About a year ago, search engine giant Google put out a whitepaper about how it was using machine learning to increase the efficiency of its datacenters, and now, executives at the company tell The Next Platform that the system is being put into production. What Google did not say a year ago, and which makes the machine learning effort all the more important, is that the company’s efforts to boost the power usage effectiveness, or PUE, had hit a wall and that the side work of an intrepid engineer got the efficiency improvements moving in the right direction again.
And as Joe Kava, vice president of datacenter operations, explained on a recent trip to the Googleplex, as has happened so many times in the past with ideas that Google’s engineers have come up with, other datacenter operators are mimicking what Google has done based on the publication of a research paper describing the effort.
All of the major hyperscalers and cloud builders grew up with the idea that you measure everything and use that information as a means to enhance outcomes, be that more efficiency in operations or better sell-through on products. This is just the mentality. And while Google measures everything obsessively, particularly the efficiency of its datacenters, that doesn’t mean it is easy to make use of that data to try to run the datacenters better.
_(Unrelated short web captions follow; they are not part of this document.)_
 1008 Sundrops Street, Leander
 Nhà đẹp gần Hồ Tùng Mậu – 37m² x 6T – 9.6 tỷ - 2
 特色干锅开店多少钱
There are physical limits to increasing the PUE of a datacenter, of course, but Google had become concerned that the efficiency gains had hit a plateau, as you can see in this chart:
“Even though 1.12 is awesome already, it had been flat for several quarters,” Kava said. “So I put a challenge to the team and asked them what they could do about it. This gets back to that mentality that you continue to measure, implement, improve, and re-measure.”
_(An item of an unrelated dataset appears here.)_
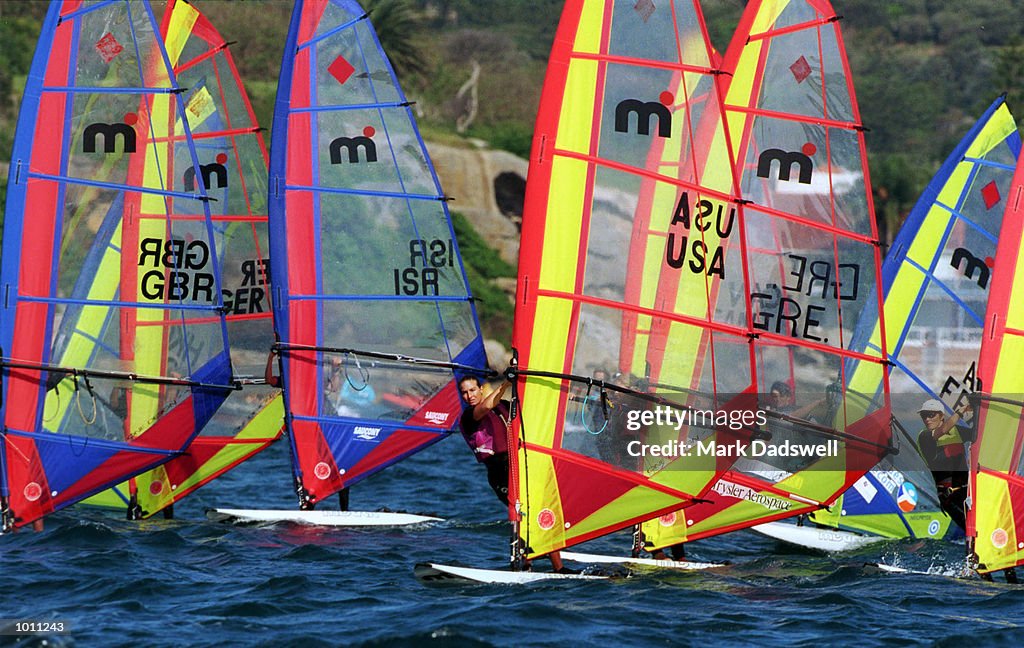 Sydney Harbour Regatta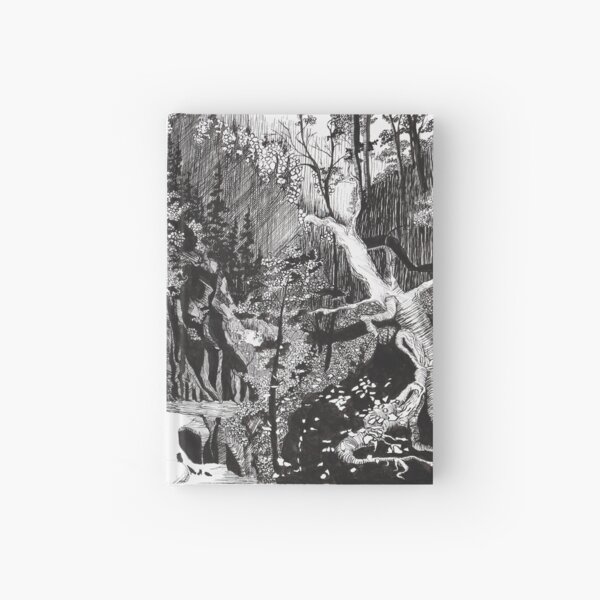Hansel and Gretel Hardcover Journal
Jim Gao, one of the engineers on the datacenter team came up with the idea to use machine learning to sift through the billions of points of data Google is gathering about the datacenters – cooling tower fan speeds, pump speeds, outside weather conditions, and so forth – which is very hard for any person to analyze. Here is a simplified model that has only four inputs:
“We call him Boy Genius for a reason, and he went off and taught himself how to program and create machine learning algorithms, and trained the algorithm with billions of data points,” Kava recalled. “We found that there are roughly nineteen variables that are really important in the operating of the datacenter that would help to minimize that PUE. I don’t know about you, but I can’t visualize a nineteen variable matrix. That is why it is so hard to look at the data and know that it is clear that you have to do this or that to get a better PUE. But it is actually pretty trivial for a machine to run those millions of combinations and permutations.”
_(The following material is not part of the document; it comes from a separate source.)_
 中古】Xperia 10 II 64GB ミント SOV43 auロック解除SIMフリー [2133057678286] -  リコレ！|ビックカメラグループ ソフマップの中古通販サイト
Here is a list of the nineteen important input variables, based on Google’s experience running its datacenters:
Gao built the machine learning model based on these variables, and Google went back and looked at the actual measured PUE for its datacenters and ran the model to see what it would have predicted. After being refined a bit, the model is now greater than 99.6 percent accurate in predicting the actual PUE of a datacenter based on those nineteen variables. (One of the lessons learned here is that for certain correlations only a certain subset of telemetry may be important, and figuring that out is something that is so tough that perhaps only a machine learning algorithm can do the trick. This is an important lesson for all of our job prospects in the future.)
The machine learning tool created by Gao has moved from science project at Google to a forward-looking tool that is helping datacenter managers at the search giant run their facilities more efficiently.
“So now we have an actual tool we trust, it is highly accurate, and we give it to the datacenter operators as a way to get the best way to get the most efficiency on that specific day given the outside weather conditions and how much IT load is in the datacenter,” Kava said. “In the five sites that we have deployed this over the last nine months that we have been rolling it out, we have been seeing on average a 15 percent improvement in PUE, and as much as 25 percent in one site. When you are already at 1.12 PUE that may not sound like that big of a deal, but at Google scale this is literally millions and millions of kilowatt-hours a year. So it is a big deal, and it was simply taking the data we already have available – most datacenter operators already have this data because they have power monitoring systems and building systems that are already gathering the data. It is just that no one is doing anything with it.”
Kava adds that since Google published Gao’s research paper last May, which you can read here, several datacenter operators have reached out to Google and said they are in the process of developing their own machine learning models to do the same thing. Google is not about to open source its algorithms for this datacenter control system that is enhanced by machine learning, or give out the feeds and speeds of the system that it used to create those algorithms, because, as Kava put it, “we don’t release our know-how all that often, because it is a competitive advantage for Google.”
But as has happened so many times in the past, when Google hits a limit and tells people about that limit and how it broke through it, then the rest of the IT industry knows the barrier can be broken and reads the Google research very carefully and emulates what the search giant has done. This is how the world got the Hadoop analytics stack, the Mesos cluster management system, and custom servers, just to name a few examples.